Moreover, in its attempt to address the question at hand, the Court purposefully neglected to examine the significant detriment inflicted upon the plaintiff if they were not granted legal gender recognition. The plaintiff presents themselves and lives as male; however, due to the disparity between their gender identity and their legal documentation, their entire livelihood is affected. This discrepancy prevents them from accessing employment, housing, healthcare, or education. Furthermore, it renders the plaintiff more susceptible to both state and non-state harassment and violence.

Consequently, unlike the rights of the broader society, which the Court did not clarify, the plaintiff’s fundamental human rights and ability to lead an everyday life in Tunisian society are significantly undermined. It is evident, therefore, that the fair balance tilts more towards granting legal gender recognition than restricting the plaintiff’s individual fundamental human rights for the sake of the wider society. Despite the presented evidence that proves the seriousness of the plaintiff’s condition and transition, the Court resorted to the fair balance doctrine to deny the plaintiff’s right to privacy and, subsequently, the right to legal gender recognition, asserting that it was in the best interest of society. However, as mentioned before, the Court failed to provide a rationale for how the plaintiff’s transition could harm Tunisian society. Instead, the Court’s reliance on Islamic law, the concept of reversible transition, and medical necessity suggests that the judgment was influenced by socio-religious biases rather than being based on thorough legal and medical examination to determine any potential societal harm resulting from the plaintiff’s transition.
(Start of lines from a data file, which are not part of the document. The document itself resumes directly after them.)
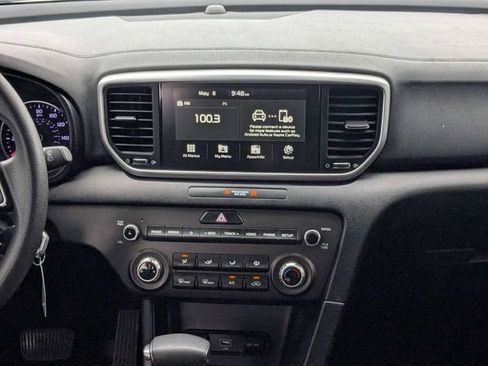 Used 2022 Kia Sportage LX FWD image 17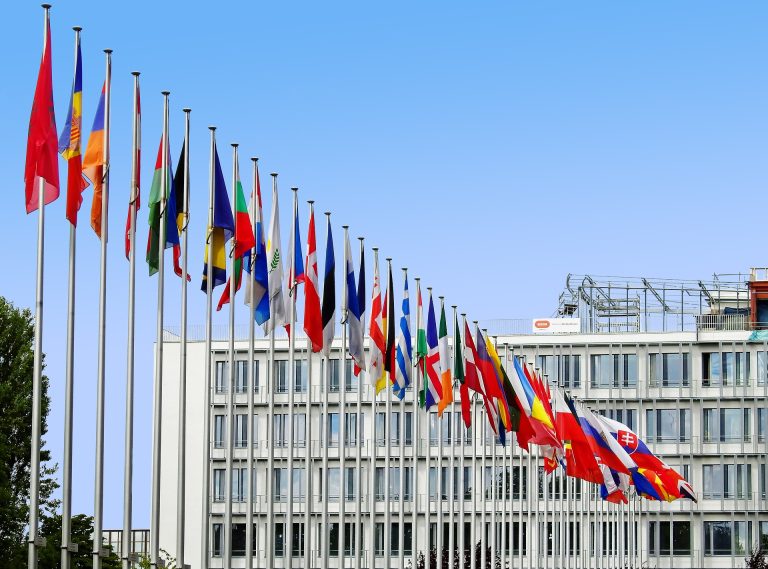 Nekilnojamo turto mokestis Europoje: kokie yra nekilnojamojo turto mokesčiai kiekvienoje Europos šalyje 2025 m.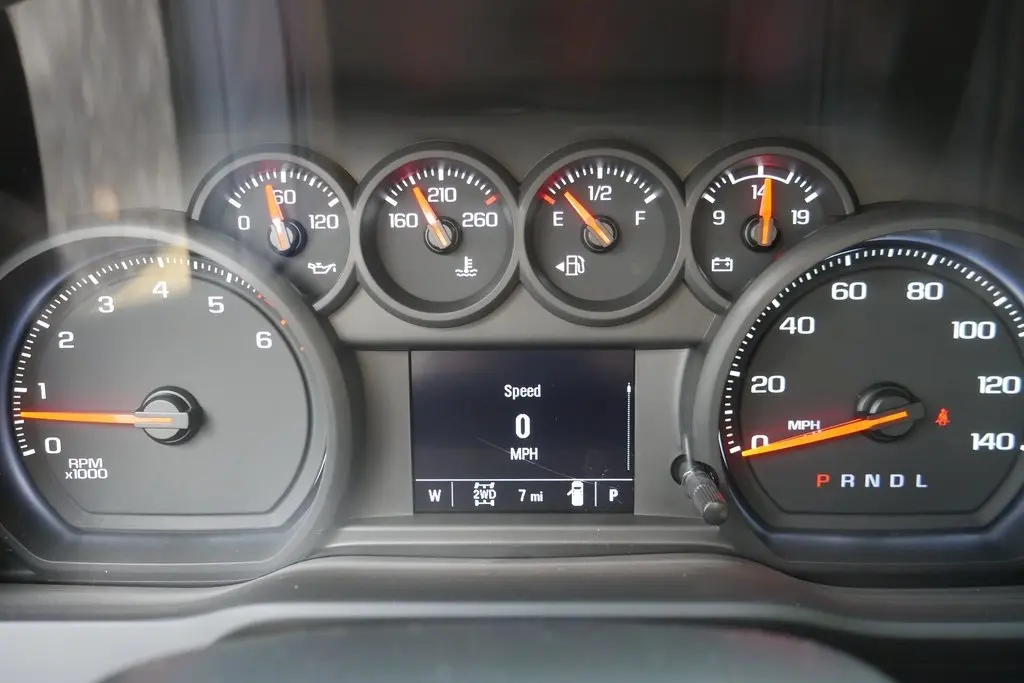 2026 Chevrolet Silverado 2500HD Custom photo 12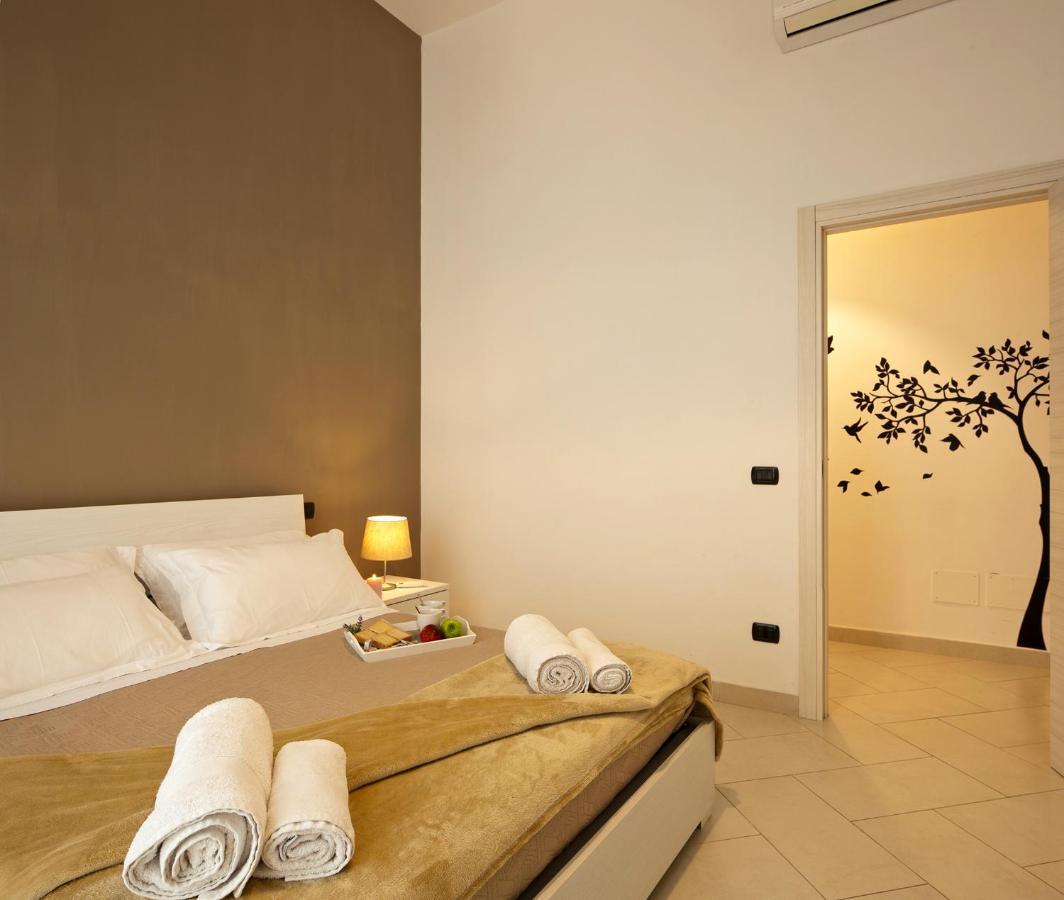 Le Corti Di Napoli Apartments Exterior foto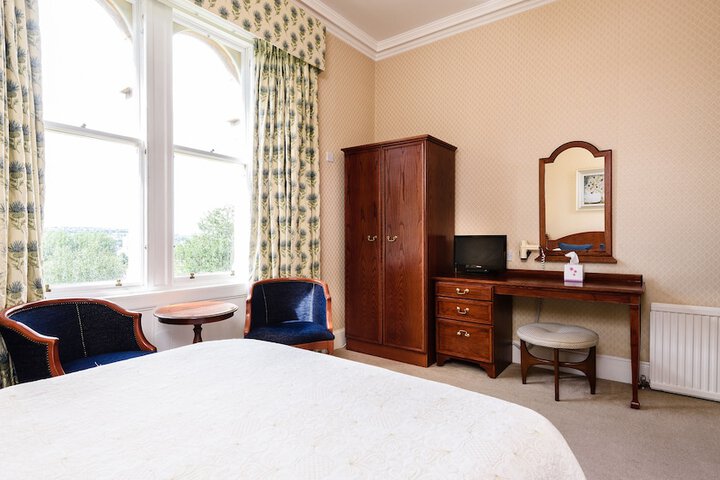 Room 5 of 64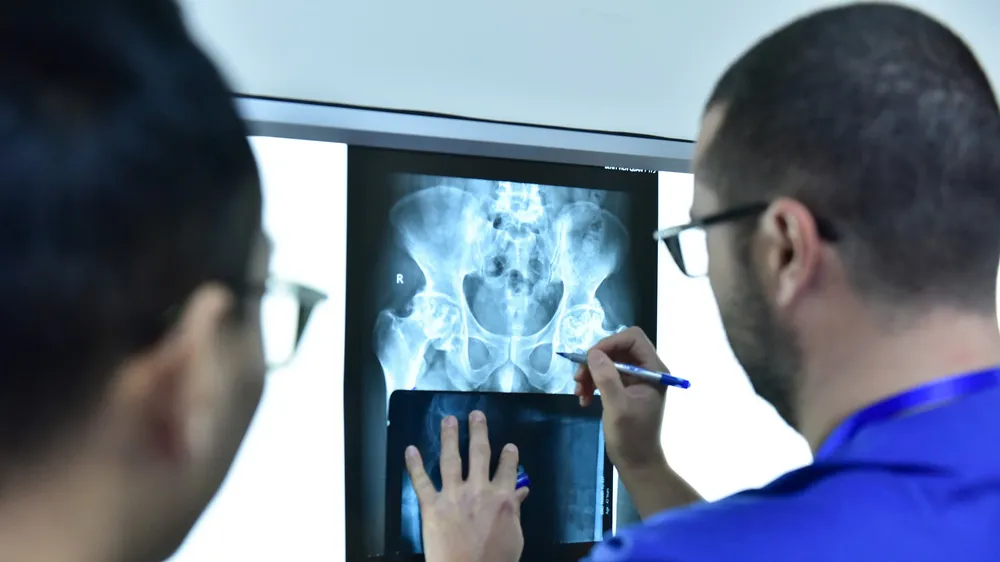 50 bệnh nhân khó khăn được phẫu thuật miễn phí 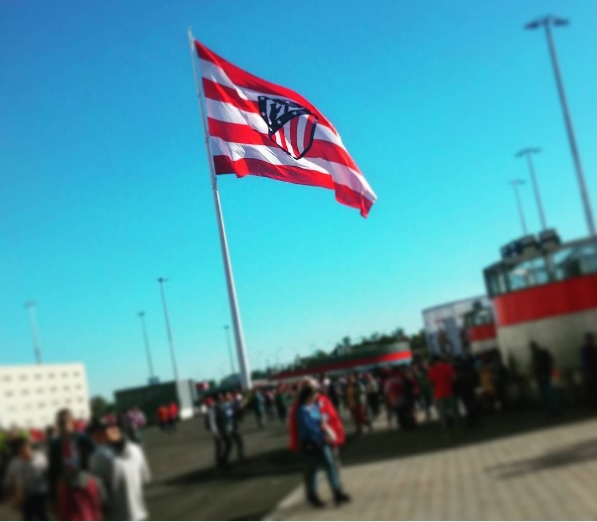 Atlético Madrid-Barcellona Sevilla Copa del Rey Bandiera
Instead, it is plausible that the Court rejected the plaintiff’s request out of fear of possible disruption of the biological cis-heteronormative binary.
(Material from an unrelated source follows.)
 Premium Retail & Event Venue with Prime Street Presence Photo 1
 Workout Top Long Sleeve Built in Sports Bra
This judicial stance, which upholds the biological binary, is further evidenced by the Court’s characterization of the permissibility of “sex change” treatment in accordance with Islamic law. The Court allows such treatment for intersex individuals, who are already biologically outside the binary and have no other recourse but surgeries to “correct” their binary sex but denies it for transgender individuals based on their existing biological alignment within the binary. Consequently, the Court asserts that transgender individuals’ transition would disturb the prevailing order deemed acceptable by Islamic jurists and, in this particular case, by the Court as well.
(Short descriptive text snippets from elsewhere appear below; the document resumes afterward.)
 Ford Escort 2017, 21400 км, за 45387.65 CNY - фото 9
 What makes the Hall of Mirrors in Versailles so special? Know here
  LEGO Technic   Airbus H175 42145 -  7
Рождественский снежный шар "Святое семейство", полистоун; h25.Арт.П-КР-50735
Therefore, this ruling exemplifies the prevailing judicial orientation in the Middle East and North Africa region, which frequently aligns with the principles of Islamic law to deny legal gender recognition, often asserting that transgender individuals should not even have access to gender-affirming healthcare. Interestingly, the Court does acknowledge the existence of gender identity disorder, which it refers to as “Transsexualism.” However, it views it solely as a mental illness and does not examine its implications for the transgender individual or consider potential treatment options, such as gender-affirming healthcare. Such a judicial approach is also commonly encountered in MENA case law, where gender-affirming healthcare is either ignored as a treatment for gender identity disorder or the transgender plaintiff is chastised for pursuing it, with the suggestion being made that therapy, such as conversion therapy, should be employed to address their “mental illness.”

The analysis presented herein also underscores the necessity for establishing a legislative framework or a binding legal precedent in Tunisia that would facilitate the attainment of legal gender recognition through a concrete legal basis rather than being contingent on the subjective viewpoint of individual courts. Consequently, it is imperative to develop a robust strategy for strategic litigation that would result in a favourable ruling from either the Tunisian Court of Cassation or the African Court of Human Rights, of which Tunisia is a member. In this regard, such a strategy can effectively leverage past judgments, regardless of their outcome, as a means to identify critical legal avenues whereby to advocate for the legal recognition of gender identity for transgender individuals in Tunisia.